Using fractions instead of floats
andresj
andres.j.new at gmail.com
Mon Oct 1 03:35:09 CEST 2007
I was doing some programming in Python, and the idea came to my mind:
using fractions instead of floats when doing 2/5.
The problem arises when you try to represent some number, like 0.4 in
a float. It will tell you that it's equal to 0.40000000000000002.
"This is easy to fix", you may say. "You just use the decimal.Decimal
class!". Well, firsly, there would be an excess of typing I would need
to do to calculate 0.4+0.6:
from decimal import Decimal
print Decimal("0.4")+Decimal("0.6")
Secondly, what happens if I need to sum 1/3 and 0.4? I could use
Decimal to represent 0.4 precisely, but what about 1/3? Sure, I could
use _another_ class which works in a base (binary, decimal, octal,
hexadecimal) in which 1/3 can be represented exactly... Not to mention
the problem of operating with those two different classes...
So the solution I think is using a fraction type/class, similar to the
one found in Common Lisp. If you have used CLisp before, you only need
to type:
(+ 1/3 6/10)
to get the exact result. (Yes, I also hate the (operator arg1 arg2)
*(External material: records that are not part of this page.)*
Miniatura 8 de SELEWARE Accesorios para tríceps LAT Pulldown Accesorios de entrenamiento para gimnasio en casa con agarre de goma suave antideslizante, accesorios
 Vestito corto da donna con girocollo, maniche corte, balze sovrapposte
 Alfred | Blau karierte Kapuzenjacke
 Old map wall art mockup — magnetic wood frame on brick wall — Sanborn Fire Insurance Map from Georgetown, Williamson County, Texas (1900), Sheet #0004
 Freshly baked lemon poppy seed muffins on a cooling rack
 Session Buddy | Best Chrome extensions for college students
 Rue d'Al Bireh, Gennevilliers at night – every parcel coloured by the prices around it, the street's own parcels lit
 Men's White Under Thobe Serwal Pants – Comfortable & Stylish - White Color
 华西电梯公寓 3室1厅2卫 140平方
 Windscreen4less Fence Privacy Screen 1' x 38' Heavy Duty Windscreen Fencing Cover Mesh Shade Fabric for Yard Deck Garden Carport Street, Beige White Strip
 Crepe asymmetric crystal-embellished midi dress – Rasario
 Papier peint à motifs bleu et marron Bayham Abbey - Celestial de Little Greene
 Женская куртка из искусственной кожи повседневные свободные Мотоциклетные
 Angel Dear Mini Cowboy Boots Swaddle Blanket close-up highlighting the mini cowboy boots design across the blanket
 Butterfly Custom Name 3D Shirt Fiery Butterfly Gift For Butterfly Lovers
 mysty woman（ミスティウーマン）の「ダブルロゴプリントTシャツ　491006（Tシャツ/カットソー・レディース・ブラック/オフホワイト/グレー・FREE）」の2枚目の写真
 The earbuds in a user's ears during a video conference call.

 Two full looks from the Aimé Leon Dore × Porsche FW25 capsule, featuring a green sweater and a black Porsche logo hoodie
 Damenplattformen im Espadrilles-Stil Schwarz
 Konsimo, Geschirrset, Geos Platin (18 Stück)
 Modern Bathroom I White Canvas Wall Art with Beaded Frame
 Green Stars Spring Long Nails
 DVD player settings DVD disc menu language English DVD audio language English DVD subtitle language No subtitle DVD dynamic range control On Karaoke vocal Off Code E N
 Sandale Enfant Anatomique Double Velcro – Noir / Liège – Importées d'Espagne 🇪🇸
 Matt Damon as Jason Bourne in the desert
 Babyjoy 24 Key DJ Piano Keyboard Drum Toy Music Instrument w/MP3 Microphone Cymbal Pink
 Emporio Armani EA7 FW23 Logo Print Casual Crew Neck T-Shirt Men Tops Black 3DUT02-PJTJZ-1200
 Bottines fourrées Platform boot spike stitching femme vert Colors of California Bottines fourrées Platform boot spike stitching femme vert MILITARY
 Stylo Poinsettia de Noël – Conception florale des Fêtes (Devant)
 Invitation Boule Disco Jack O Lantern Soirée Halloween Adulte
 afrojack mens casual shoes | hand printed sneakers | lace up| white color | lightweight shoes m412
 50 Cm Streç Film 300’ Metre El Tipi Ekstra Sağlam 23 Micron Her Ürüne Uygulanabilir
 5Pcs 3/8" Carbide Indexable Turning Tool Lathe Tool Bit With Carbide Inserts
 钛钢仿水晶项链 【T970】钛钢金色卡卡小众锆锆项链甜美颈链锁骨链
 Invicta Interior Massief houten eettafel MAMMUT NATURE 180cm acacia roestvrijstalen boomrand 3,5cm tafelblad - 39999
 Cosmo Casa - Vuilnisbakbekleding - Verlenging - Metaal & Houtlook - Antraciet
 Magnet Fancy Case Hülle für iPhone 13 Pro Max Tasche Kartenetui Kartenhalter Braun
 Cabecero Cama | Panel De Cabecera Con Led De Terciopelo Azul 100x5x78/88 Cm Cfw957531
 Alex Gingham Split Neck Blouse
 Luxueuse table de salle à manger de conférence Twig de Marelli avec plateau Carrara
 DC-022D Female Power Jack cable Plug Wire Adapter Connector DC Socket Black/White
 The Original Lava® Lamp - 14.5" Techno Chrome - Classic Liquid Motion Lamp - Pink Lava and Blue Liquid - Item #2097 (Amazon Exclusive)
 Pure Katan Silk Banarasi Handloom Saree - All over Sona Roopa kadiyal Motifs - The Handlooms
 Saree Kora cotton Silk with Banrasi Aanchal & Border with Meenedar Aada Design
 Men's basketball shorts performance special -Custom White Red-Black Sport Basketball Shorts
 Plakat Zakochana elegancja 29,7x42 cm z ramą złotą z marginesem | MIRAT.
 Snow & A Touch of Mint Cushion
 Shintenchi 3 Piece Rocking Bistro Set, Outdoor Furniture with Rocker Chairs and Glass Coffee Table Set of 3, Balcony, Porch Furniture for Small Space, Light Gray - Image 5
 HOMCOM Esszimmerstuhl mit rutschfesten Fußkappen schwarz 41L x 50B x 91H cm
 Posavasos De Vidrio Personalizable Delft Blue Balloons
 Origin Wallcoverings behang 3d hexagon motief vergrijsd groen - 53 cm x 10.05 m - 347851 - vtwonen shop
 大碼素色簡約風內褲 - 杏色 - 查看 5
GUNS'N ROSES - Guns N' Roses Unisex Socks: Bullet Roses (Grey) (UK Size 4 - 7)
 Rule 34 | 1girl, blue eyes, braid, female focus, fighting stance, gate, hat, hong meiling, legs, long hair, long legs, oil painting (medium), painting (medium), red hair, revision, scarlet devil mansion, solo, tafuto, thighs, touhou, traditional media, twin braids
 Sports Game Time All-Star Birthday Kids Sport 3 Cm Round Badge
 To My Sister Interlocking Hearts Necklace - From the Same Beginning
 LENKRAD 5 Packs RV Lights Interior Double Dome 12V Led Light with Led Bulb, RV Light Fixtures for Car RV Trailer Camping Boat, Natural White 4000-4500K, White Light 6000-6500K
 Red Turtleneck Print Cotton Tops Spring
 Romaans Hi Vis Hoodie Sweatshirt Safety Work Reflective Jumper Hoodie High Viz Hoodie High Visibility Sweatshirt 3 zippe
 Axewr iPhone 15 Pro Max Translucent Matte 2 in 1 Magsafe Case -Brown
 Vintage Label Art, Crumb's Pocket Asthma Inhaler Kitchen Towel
syntax, but it's just an example). I would like to have something
similar in Python, in which dividing two numbers gives you a fraction,
instead of an integer (python 2.x) or a float (decided for python
3.x).
an implementation could be like this:
class frac(object): # PS: This (object) thing will be removed in
python 3.0, right?
def __init__(self, numerator, denominator):
pass
def __add__(self, other):
pass
#...
(I have an implementation of the frac class done (this meaning, it
works for me), and although it's pretty dirty, I'd be happy to post it
here if you want it.)
My idea, in summary would be that this python shell session is true:
>>> 5/2
2 1/2
>>> f = 5/2
>>> f.__class__
<type 'frac'>
>>> # or <class 'frac'>
>>> (0.6).__class__ # Treat decimal literals as fractions, so that...
<type 'frac'>
>>> 1/3+0.6
14/15
>>> # That was easy. ;)
I would like to get some feedback on this idea. Has this been posted
before? If so, was it rejected? and for what?
Also, I would like to know if you have improvements on the initial
design, and if it would be appropiate to send it as a PEP.